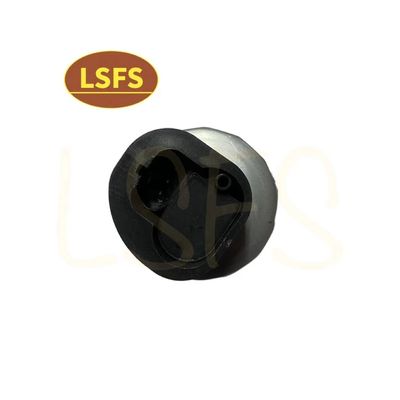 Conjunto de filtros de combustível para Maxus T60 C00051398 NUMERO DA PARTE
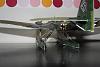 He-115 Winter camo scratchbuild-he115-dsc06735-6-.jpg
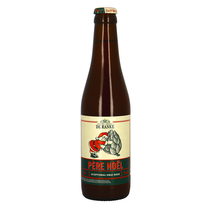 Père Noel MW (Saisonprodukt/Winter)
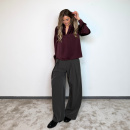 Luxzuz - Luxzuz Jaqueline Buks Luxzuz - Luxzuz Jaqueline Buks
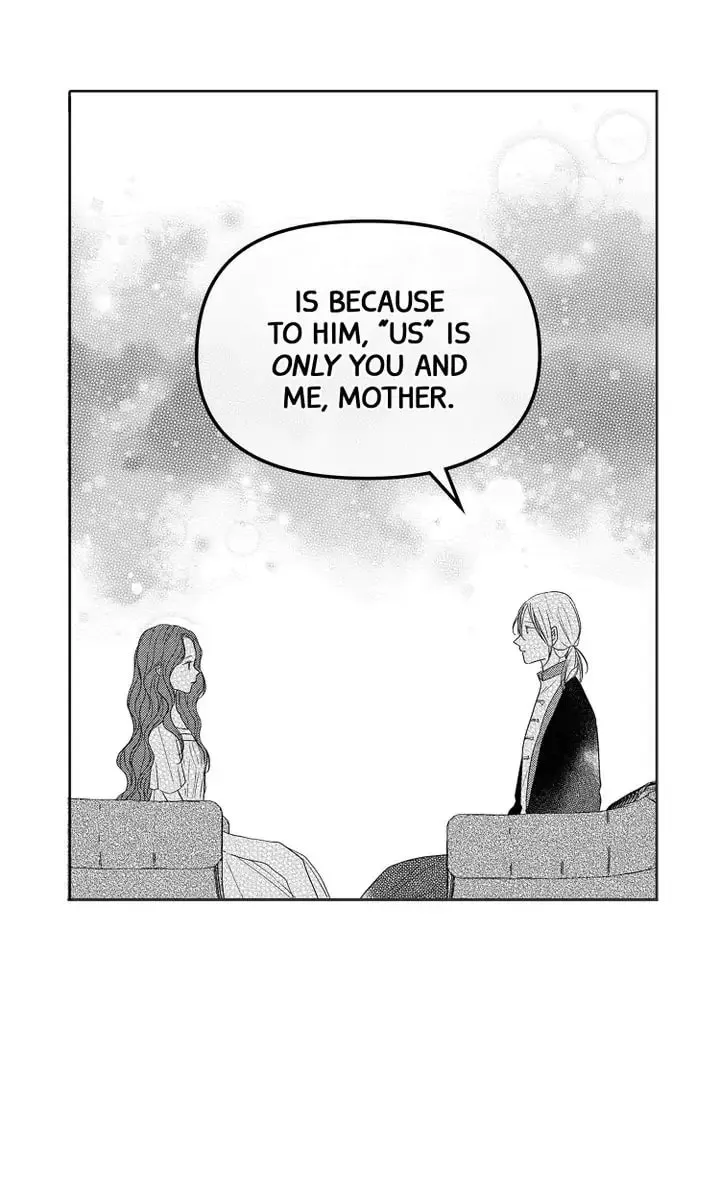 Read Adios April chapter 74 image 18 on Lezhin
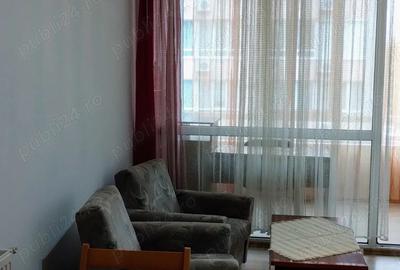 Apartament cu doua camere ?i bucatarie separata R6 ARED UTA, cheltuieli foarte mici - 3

--

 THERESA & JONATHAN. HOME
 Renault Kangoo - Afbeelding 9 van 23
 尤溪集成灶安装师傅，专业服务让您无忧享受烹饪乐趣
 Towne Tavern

...

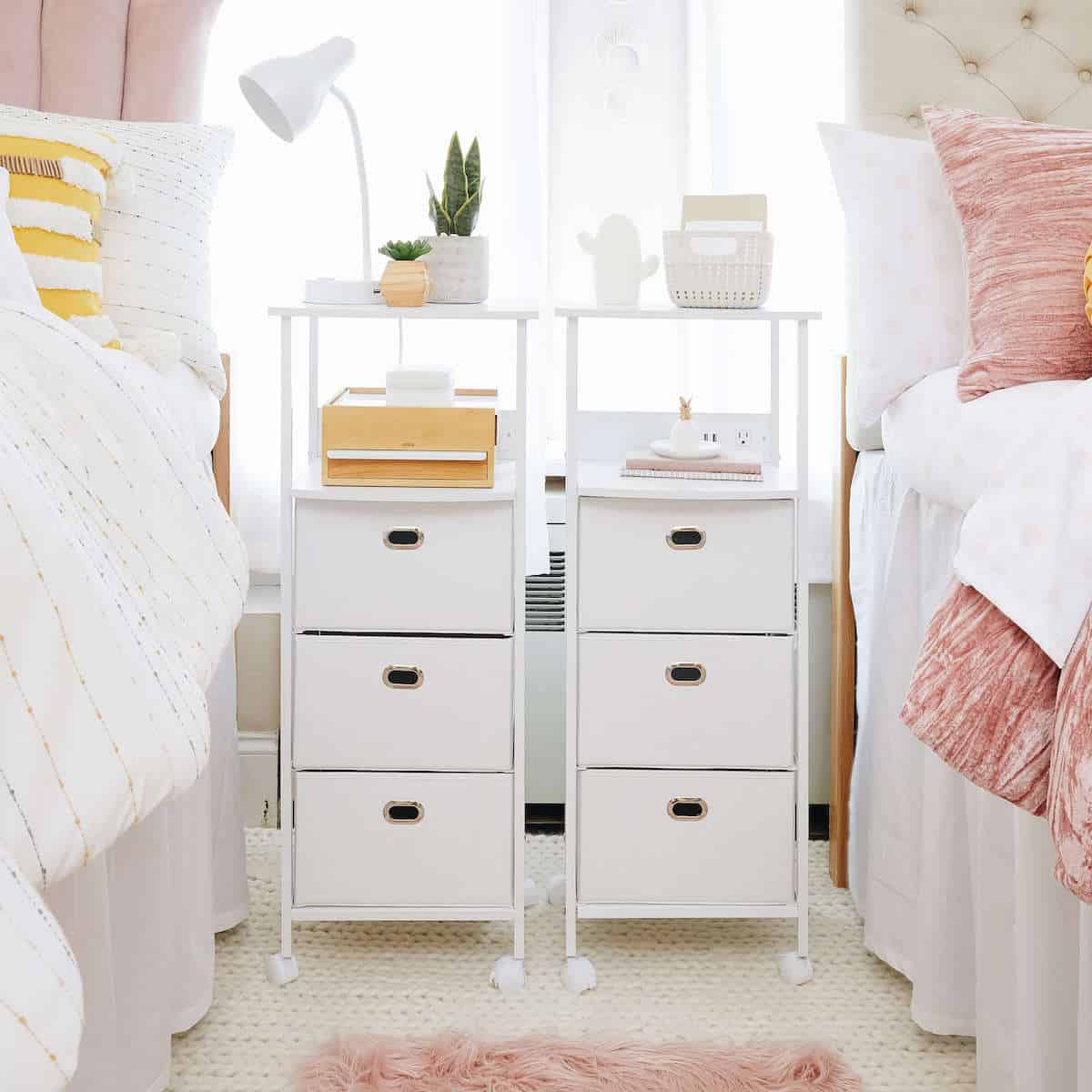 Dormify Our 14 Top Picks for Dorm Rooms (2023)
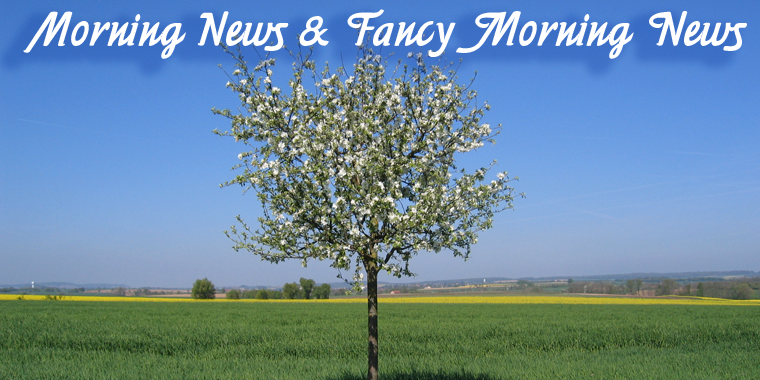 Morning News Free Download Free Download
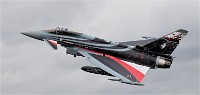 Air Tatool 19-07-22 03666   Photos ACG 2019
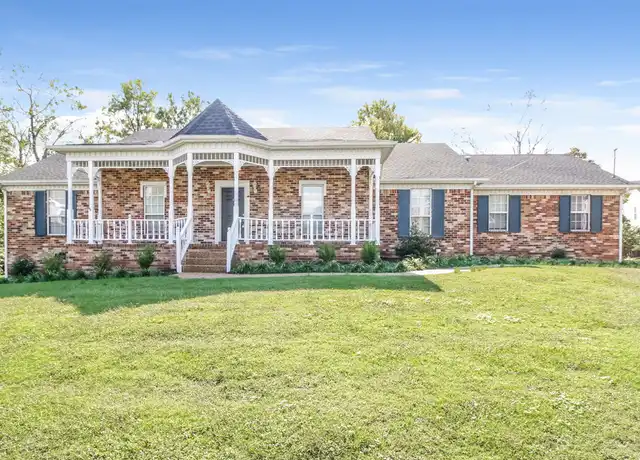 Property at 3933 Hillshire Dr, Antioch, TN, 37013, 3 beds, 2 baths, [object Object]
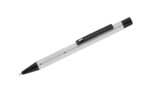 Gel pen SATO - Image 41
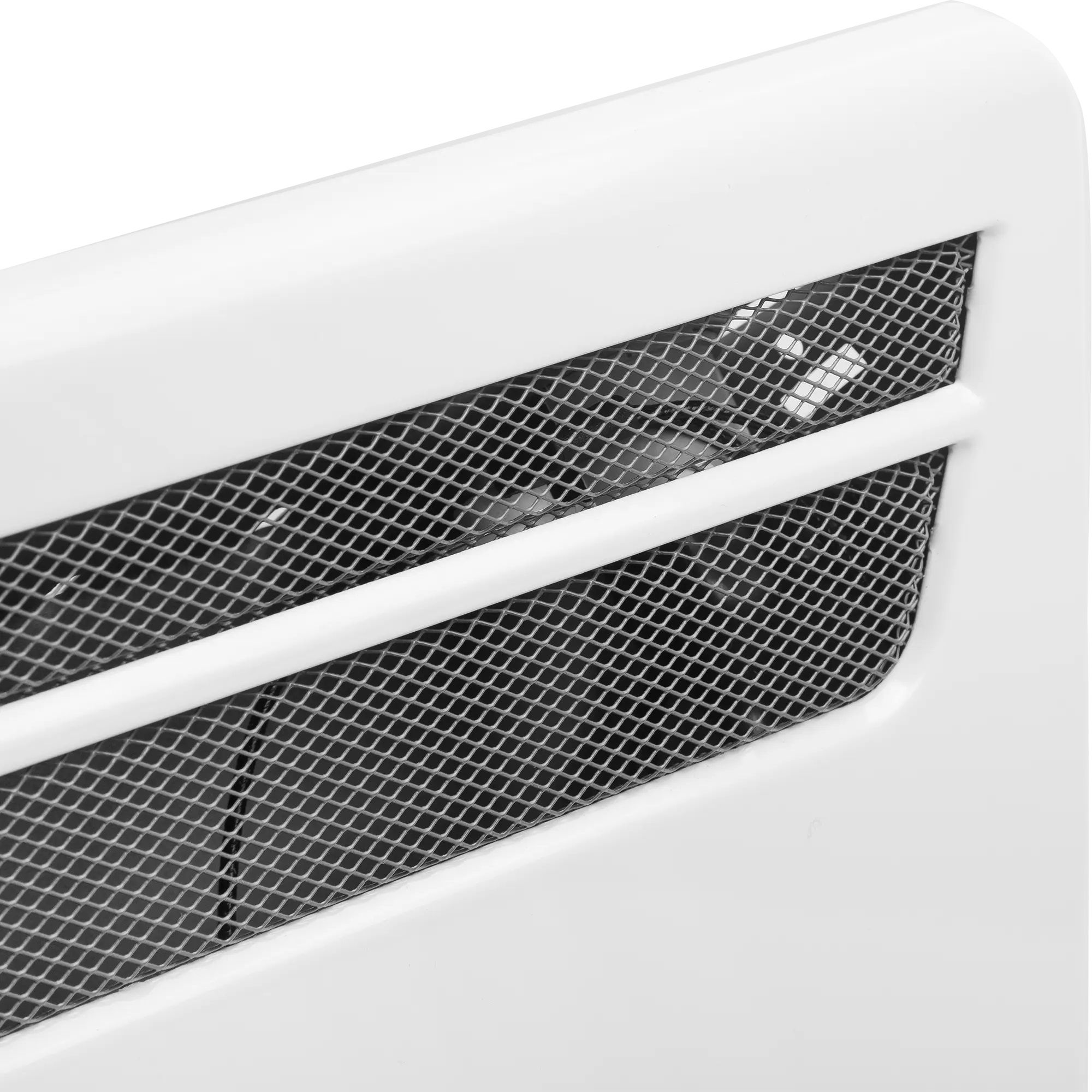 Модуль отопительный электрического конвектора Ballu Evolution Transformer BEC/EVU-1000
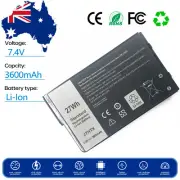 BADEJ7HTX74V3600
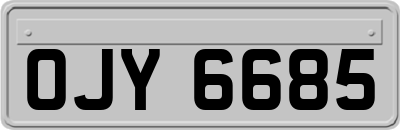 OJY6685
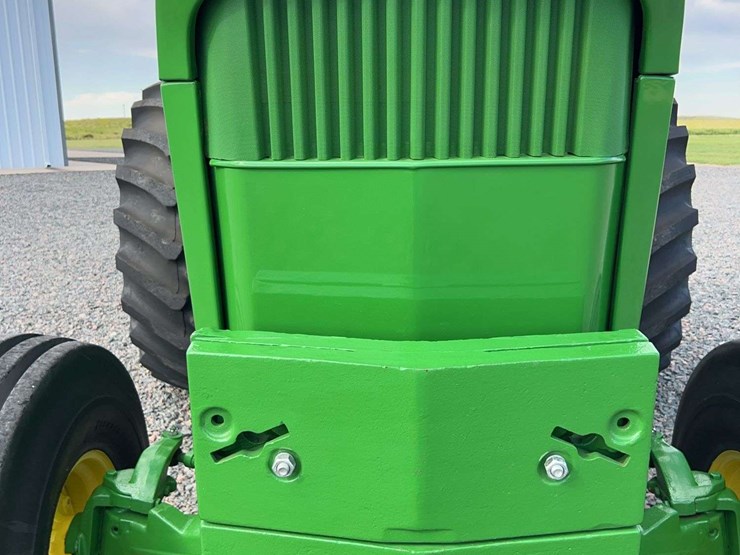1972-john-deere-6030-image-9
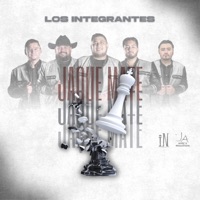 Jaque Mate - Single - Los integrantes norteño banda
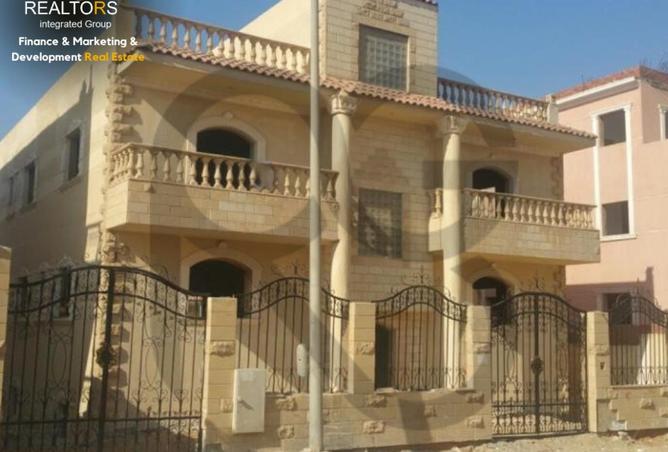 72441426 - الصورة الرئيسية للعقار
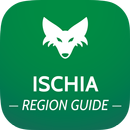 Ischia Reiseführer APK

> **THE TASK**: Only one part of the material above is wanted: the lines from the one with "Gel pen SATO - Image 41" up to and including the one with "Ischia Reiseführer APK". Please copy them exactly, pictures left out.

> **WRITTEN ANSWER**:
 Gel pen SATO - Image 41
 Модуль отопительный электрического конвектора Ballu Evolution Transformer BEC/EVU-1000
 BADEJ7HTX74V3600
 OJY6685
1972-john-deere-6030-image-9
 Jaque Mate - Single - Los integrantes norteño banda
 72441426 - الصورة الرئيسية للعقار
 Ischia Reiseführer APK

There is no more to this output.